Modified covariance beamformer for solving MEG inverse problem in the environment with correlated sources

Neuroimage. 2020. Vol. 228. P. 117677-117677.

Magnetoencephalography (MEG) is a neuroimaging method ideally suited for non-invasive studies of brain dynamics. MEG’s spatial resolution critically depends on the approach used to solve the ill-posed inverse problem in order to transform sensor signals into cortical activation maps. Over recent years non-globally optimized solutions based on the use of adaptive beamformers (BF) gained popularity.

When operating in the environment with a small number of uncorrelated sources the BFs perform optimally and yield high spatial resolution. However, the BFs are known to fail when dealing with correlated sources acting like poorly tuned spatial filters with low signal-to-noise ratio (SNR) of the output timeseries and often meaningless cortical maps of power distribution.

This fact poses a serious limitation on the broader use of this promising technique especially since fundamental mechanisms of brain functioning, its inherent symmetry and task-based experimental paradigms result into a great deal of correlation in the activity of cortical sources. To cope with this problem, we developed a novel data covariance modification approach that allows for building beamformers that maintain high spatial resolution when operating in the environments with correlated sources.

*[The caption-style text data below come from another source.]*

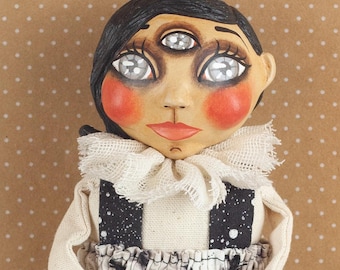 Mystical 'Seer' Psychic Third Eye Halloween Doll or Paperclay and Cloth Sculpture, OOAK, Haunting, Outsider, Whimsical Kentucky Folk Art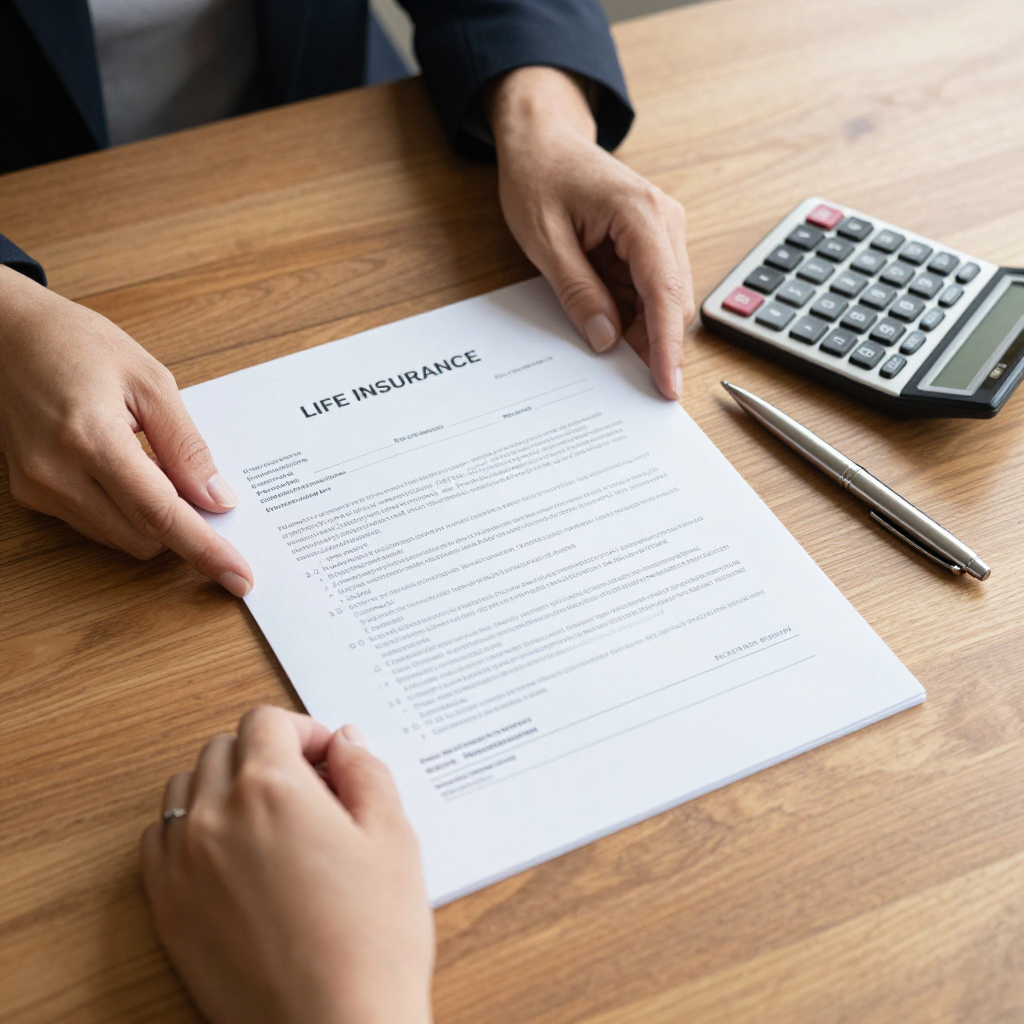 Two people at a wooden desk reviewing a Life Insurance document with a calculator and pen nearby.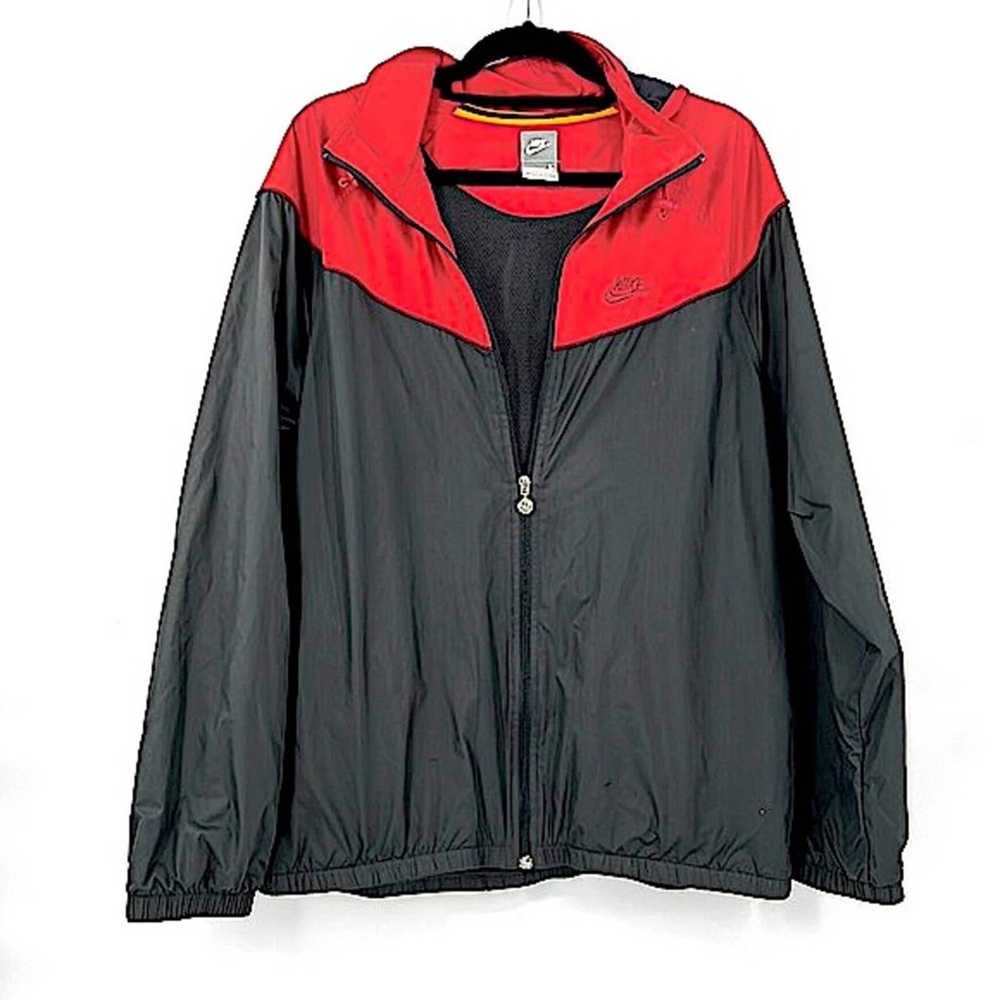 Vintage bike red black windbreaker jacket size la… - image 1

At the core of our method is a projection operation applied to the vectorized sensor-space covariance matrix. This projection does not remove the activity of the correlated sources from the sensor-space covariance matrix but rather selectively handles their contributions to the covariance matrix and creates a sufficiently accurate approximation of an ideal data covariance that could hypothetically be observed should these sources be uncorrelated. Since the projection operation is reciprocal to the PSIICOS method developed by us earlier (Ossadtchi et al., 2018) we refer to the family of algorithms presented here as ReciPSIICOS.

We assess the performance of the novel approach using realistically simulated MEG data and show its superior performance in comparison to the classical BF approaches and well established MNE as a method immune to source synchrony by design. We have also applied our approach to the MEG datasets from the two experiments involving two different auditory tasks.

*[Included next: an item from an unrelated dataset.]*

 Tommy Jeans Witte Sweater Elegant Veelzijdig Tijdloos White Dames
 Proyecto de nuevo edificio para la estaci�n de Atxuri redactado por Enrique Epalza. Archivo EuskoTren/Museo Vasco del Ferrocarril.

The analysis of experimental MEG datasets showed that beamformers from ReciPSIICOS family, but not the classical BF, discovered the expected bilateral focal sources in the primary auditory cortex and detected motor cortex activity associated with the audio-motor task. In most cases MNE managed well but as expected produced more spatially diffuse source distributions. Notably, ReciPSIICOS beamformers yielded cortical activity estimates with SNR several times higher than that obtained with the classical BF, which may indirectly indicate the severeness of the signal cancellation problem when applying classical beamformers to MEG signals generated by synchronous sources.